▶ Aim of the task:
The exact lines of the listing, from its first through the line that contains "Roet pietenpak maat", are to make up the answer, and pictures are to be left out.
────────────────
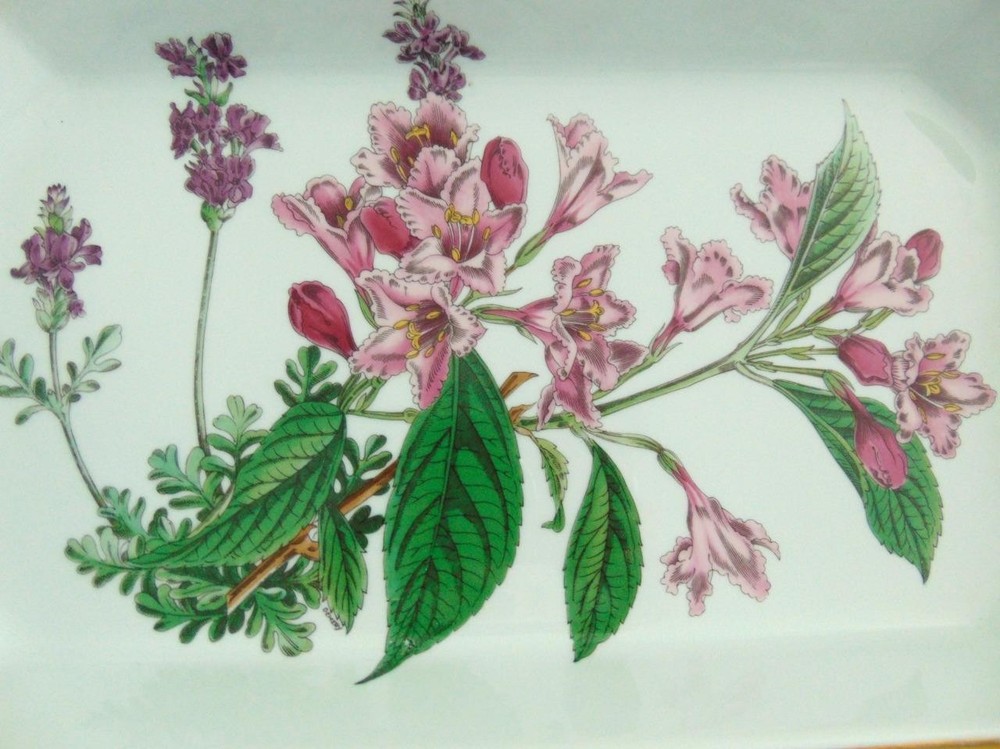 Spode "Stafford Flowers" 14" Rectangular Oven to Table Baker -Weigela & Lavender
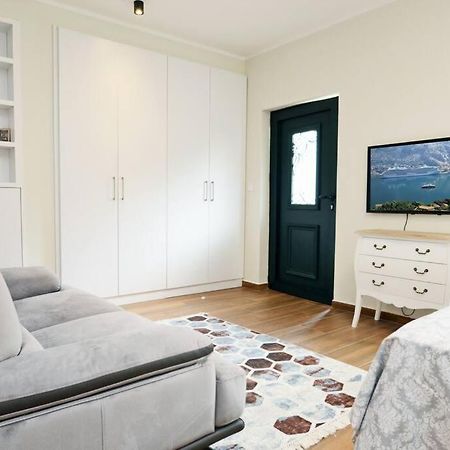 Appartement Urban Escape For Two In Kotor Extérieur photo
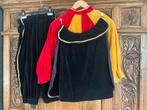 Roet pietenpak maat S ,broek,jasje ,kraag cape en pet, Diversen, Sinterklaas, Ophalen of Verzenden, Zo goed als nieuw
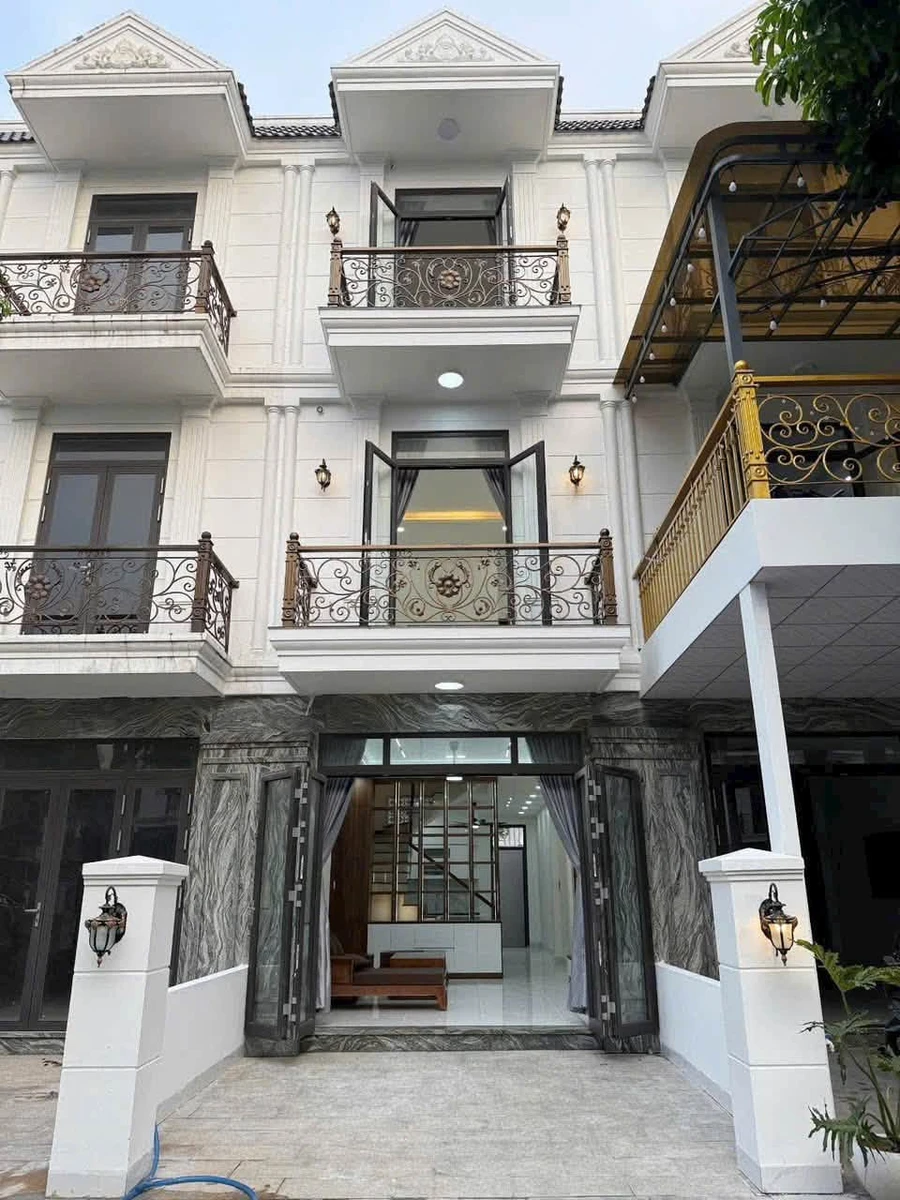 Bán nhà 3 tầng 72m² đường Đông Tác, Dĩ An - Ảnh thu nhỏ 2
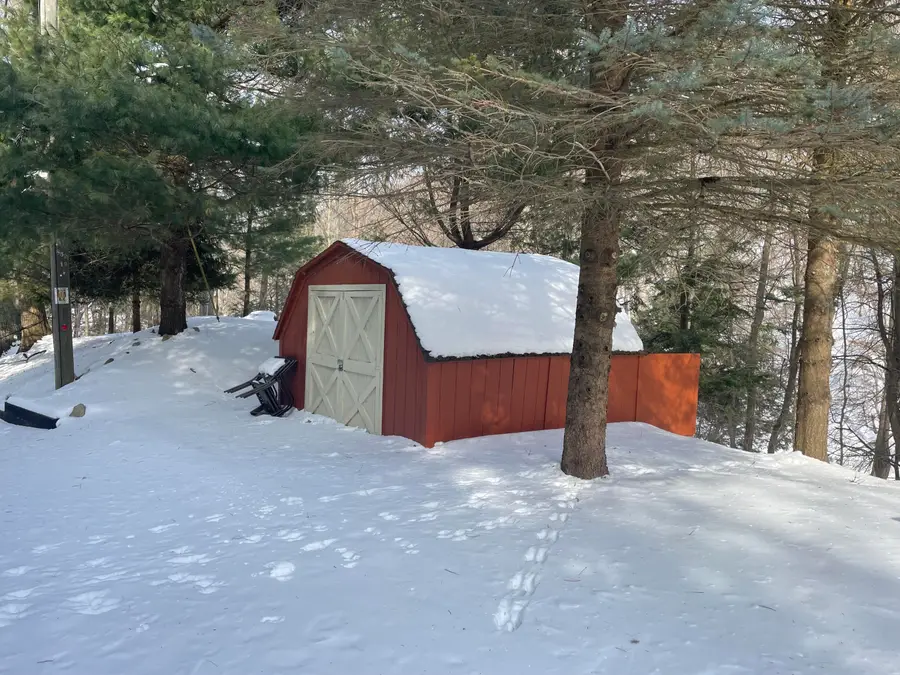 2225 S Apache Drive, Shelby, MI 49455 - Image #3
────────────────
▶ Solved exercise:
 Spode "Stafford Flowers" 14" Rectangular Oven to Table Baker -Weigela & Lavender
 Appartement Urban Escape For Two In Kotor Extérieur photo
 Roet pietenpak maat S ,broek,jasje ,kraag cape en pet, Diversen, Sinterklaas, Ophalen of Verzenden, Zo goed als nieuw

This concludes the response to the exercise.